I applied a similar patch to #9385 and am able to checkpoint containers with -nvproxy
successfully (still testing restore; patch below). I'm happy to submit a PR but wondering if this makes sense and what are the implications of not saving this state.
The patch would be made here.
// +stateify savable
type driverABI struct {
frontendIoctl map[uint32]frontendIoctlHandler `state:"nosave"`
uvmIoctl map[uint32]uvmIoctlHandler `state:"nosave"`
controlCmd map[uint32]controlCmdHandler `state:"nosave"`
allocationClass map[uint32]allocationClassHandler `state:"nosave"`
useRmAllocParamsV535 bool
}
Does this make sense?
This makes sense. The driver ABI should be savable. Happy to review your PR.

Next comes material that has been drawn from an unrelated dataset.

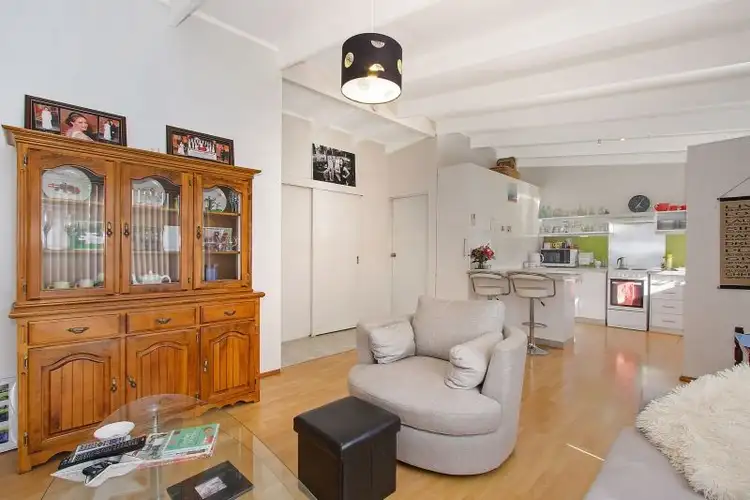 Fourth view of Homely unit listing, 2/576 Ebden Street, South Albury NSW 2640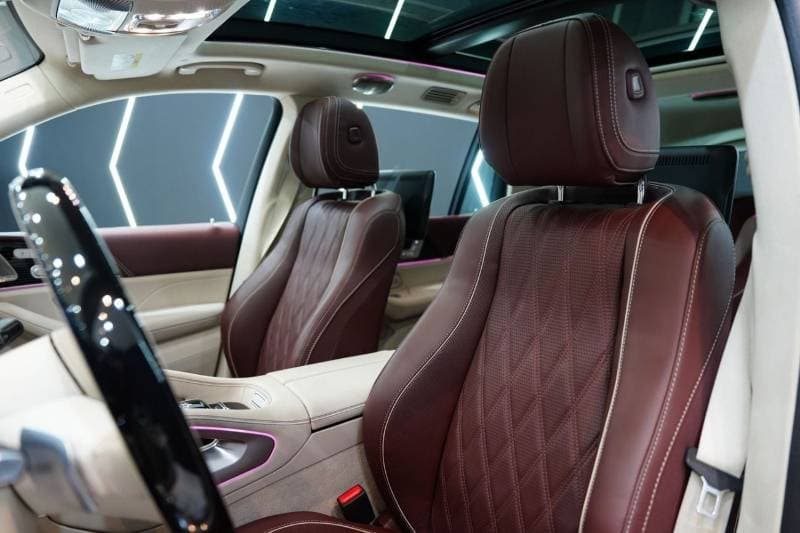 2024 Mercedes Benz 600 Maybach thumbnail 6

Although this would imply that the container must be restored on a host with the same nvidia driver version. If the driver version can change, then the ABI would need to be rebuilt (which requires extra work).
Although this would imply that the container must be restored on a host with the same nvidia driver version.
Gotcha. This is true in our case (for the most part :) ).
Submitted the patch here. Thanks a lot for the review.